They might have bird brains but ravens may be even smarter than previously thought.
A new study by German scientists has found the big, black birds so common in the Yukon use gestures and objects to communicate.
This type of communication is similar to what children do between the ages of nine to 12 months, said Simone Pika, co-author of the study and the leader of the Humboldt Research Group at the Max Plank Institute for Ornithology
“It has never been observed before,” she said in a telephone interview from Germany. “That’s the amazing thing about this study.”
The only other animals which have been observed exhibiting this type of behaviour are great apes.
While much of Pika’s research has focused on apes, she has also had a fascination with ravens ever since she was a teenager and read the seminal work, Mind of the Raven.
A few years ago, while she was doing postdoctoral work at the University of St. Andrews, she met Thomas Bugnyar.
Bugnyar was lecturing at the university and researching the cognitive abilities of ravens.

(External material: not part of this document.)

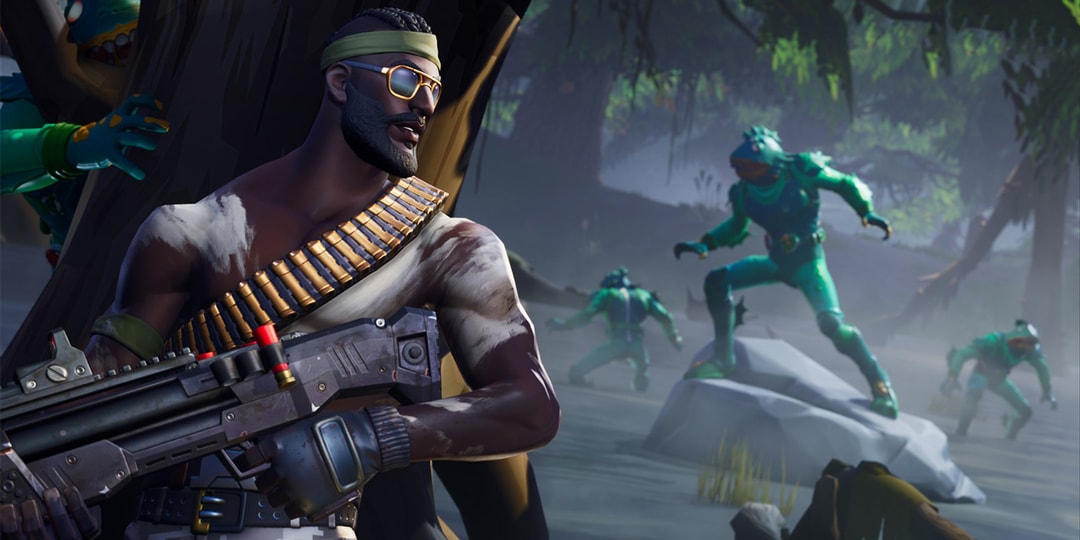 Fake Fortnite for Android by Hackers Fool Others | Hypebeast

“When you talk to him, he gets really excited,” said Pika. “He’s just so into his ravens.”
When she asked him if ravens communicated through gestures, he was taken aback.
“He looked at me as if I was from a different star and had just asked really a weird question,” said Pika.
Initially he told her they didn’t gesture, but two days later he came back and asked her to take a look at some new data.
“I looked at it and I said, ‘Wow I think these are clearly gestures,’” she said.
That was the start of their collaboration.
For three summers Bugnyar and Pika observed ravens at the Cumberland Wild Park in Austria.
“We found two behaviours in ravens that qualify as gestures,” said Pika.
They were seen using didactic gestures, which is communication between two individuals such as pointing at or holding up objects.
But they were also observed employing triadic gestures – the use of an object to reference something else. For instance, ravens presented moss, twigs and other items of “no apparent value” to one another. said Pika.
Before this study, that kind of communication was thought to be exclusive to primates.
Though it shouldn’t be too surprising, it’s long been known that ravens are as smart as apes.
“There has been a lot of research already showing that ravens compete with non-human primates, and even rival them in many domains, like using tools,” said Pika.
Also ravens, like many apes, live in large, very complex social systems.
“These groups split up and they meet again so they have to engage everyday with different individuals and have to keep in mind who is friends with whom and who is collaborating with whom,” said Pika. “I think this then results in quite complex social abilities.”
Much of the gesturing that they observed was between members of the opposite sex.
“What we think is maybe these signals are used to test if another partner might be interested in a social interaction,” said Pika.
Their other theory is that it’s a way for couples that have already paired off to strengthen their bond before they leave the group to build a territory of their own.
“It could be that gestures are used to really attune the relationship,” she said. “Ravens invest a lot of time in finding the right partner because when they have found the right partner they stay together and build monogamous pairs.”
But that doesn’t mean that these gestures are all about courtship.
The observations were made between June and August – outside of the breading season – and unlike ritualized mating dances, these gestures are flexible, said Pika.
“The gestures are adjusted to the attention of the recipient and the social situation,” she said.
The study has generated a lot of interest.
Since it came out, she has received emails from all over the world from people who claim to have observed similar behaviour in everything from cockatoos to horses.
One little girl in Russia said she thinks he’s seen her goldfish gesturing.
While this is the first time that this kind of behaviour has been observed in anything other than a primate, Pika doesn’t think it will be the last time.
And that kind of research could have larger implications.
By looking at communication systems in animals other than primates, it may help us understand the very origins of human language, she said.